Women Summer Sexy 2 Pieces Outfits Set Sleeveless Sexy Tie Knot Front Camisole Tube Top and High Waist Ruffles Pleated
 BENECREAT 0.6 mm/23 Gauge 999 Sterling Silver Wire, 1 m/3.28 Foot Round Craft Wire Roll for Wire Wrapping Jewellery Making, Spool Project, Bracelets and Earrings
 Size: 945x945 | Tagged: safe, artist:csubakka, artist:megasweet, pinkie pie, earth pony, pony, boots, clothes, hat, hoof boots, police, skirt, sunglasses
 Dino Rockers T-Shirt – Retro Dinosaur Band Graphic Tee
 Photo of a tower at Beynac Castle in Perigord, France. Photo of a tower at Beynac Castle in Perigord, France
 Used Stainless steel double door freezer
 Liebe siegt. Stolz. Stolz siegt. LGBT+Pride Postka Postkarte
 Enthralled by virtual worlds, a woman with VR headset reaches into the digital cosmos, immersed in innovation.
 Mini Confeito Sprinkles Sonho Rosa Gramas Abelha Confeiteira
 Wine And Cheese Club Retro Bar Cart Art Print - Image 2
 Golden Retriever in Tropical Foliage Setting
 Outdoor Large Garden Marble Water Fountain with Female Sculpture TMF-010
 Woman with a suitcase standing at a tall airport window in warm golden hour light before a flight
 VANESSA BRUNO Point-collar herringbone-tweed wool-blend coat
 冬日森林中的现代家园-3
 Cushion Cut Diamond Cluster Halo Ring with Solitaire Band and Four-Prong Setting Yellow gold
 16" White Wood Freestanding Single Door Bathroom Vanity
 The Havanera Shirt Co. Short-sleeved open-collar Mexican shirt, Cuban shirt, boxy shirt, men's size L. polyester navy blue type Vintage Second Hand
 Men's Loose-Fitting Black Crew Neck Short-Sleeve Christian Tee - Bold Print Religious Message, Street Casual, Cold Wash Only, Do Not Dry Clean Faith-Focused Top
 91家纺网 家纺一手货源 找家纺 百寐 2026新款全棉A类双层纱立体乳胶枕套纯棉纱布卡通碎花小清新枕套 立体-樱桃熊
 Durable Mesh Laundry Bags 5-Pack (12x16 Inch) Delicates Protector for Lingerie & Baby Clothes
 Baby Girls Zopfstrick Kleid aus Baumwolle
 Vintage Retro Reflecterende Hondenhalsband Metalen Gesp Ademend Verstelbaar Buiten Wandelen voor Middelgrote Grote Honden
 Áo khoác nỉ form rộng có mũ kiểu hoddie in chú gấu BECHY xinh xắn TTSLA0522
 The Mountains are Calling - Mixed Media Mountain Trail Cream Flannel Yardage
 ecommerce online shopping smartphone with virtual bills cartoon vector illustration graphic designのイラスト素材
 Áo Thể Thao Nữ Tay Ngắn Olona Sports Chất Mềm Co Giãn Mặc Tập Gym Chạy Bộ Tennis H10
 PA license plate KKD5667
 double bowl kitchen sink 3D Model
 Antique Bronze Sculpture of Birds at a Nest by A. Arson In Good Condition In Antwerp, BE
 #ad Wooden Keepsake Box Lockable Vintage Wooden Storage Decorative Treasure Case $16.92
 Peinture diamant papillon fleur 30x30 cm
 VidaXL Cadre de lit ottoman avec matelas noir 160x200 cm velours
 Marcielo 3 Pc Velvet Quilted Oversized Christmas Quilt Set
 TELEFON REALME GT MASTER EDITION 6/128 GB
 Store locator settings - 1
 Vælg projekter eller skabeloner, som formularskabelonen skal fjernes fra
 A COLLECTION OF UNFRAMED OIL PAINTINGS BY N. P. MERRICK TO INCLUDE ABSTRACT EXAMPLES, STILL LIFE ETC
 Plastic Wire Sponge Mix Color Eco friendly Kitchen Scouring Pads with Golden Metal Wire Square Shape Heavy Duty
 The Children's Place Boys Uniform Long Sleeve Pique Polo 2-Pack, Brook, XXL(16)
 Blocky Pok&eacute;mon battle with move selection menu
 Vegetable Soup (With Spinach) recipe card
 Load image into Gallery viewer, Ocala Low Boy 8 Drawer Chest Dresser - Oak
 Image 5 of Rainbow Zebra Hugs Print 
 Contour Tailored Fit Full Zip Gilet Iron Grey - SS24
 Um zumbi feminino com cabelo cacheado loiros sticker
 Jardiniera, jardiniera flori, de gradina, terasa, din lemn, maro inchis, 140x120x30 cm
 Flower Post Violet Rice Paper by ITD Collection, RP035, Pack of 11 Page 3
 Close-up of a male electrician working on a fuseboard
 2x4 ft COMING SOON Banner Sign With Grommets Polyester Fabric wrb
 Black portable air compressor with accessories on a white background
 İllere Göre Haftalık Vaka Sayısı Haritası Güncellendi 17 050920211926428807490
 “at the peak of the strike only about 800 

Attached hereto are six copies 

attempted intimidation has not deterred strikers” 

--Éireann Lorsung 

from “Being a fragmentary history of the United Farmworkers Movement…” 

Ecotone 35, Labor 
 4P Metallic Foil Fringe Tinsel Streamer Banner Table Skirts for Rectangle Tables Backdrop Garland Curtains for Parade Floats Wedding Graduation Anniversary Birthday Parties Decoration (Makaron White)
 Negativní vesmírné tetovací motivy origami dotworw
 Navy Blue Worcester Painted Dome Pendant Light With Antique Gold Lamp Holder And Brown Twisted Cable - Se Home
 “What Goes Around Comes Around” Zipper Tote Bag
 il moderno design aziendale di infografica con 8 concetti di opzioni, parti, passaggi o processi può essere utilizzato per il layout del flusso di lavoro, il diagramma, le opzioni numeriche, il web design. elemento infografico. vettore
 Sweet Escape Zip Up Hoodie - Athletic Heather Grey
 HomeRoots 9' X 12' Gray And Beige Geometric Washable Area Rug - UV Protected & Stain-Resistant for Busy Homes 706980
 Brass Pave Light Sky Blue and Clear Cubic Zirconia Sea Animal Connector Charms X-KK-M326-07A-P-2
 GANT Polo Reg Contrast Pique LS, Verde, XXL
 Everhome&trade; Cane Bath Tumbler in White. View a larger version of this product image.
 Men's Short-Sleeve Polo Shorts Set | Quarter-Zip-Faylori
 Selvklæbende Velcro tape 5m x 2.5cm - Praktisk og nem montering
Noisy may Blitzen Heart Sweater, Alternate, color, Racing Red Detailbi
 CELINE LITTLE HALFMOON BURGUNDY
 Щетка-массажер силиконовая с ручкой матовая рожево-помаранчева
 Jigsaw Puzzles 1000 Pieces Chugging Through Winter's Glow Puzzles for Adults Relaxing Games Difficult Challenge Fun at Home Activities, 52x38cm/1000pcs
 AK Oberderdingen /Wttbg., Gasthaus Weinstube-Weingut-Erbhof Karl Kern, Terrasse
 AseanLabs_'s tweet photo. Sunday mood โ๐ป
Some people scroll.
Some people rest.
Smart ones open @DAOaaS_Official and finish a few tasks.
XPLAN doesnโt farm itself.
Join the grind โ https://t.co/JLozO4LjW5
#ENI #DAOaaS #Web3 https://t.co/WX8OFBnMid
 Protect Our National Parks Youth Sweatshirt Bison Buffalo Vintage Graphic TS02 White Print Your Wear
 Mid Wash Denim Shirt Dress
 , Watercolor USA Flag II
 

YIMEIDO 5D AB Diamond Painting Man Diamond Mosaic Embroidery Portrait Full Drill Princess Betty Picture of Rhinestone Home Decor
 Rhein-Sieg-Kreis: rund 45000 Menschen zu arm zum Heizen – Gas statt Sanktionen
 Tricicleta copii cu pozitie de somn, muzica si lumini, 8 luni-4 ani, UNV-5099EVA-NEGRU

- - - -

Your assignment. Lines holding "double": copy each one from the records above.

Response to this exercise.
 Used Stainless steel double door freezer
 double bowl kitchen sink 3D Model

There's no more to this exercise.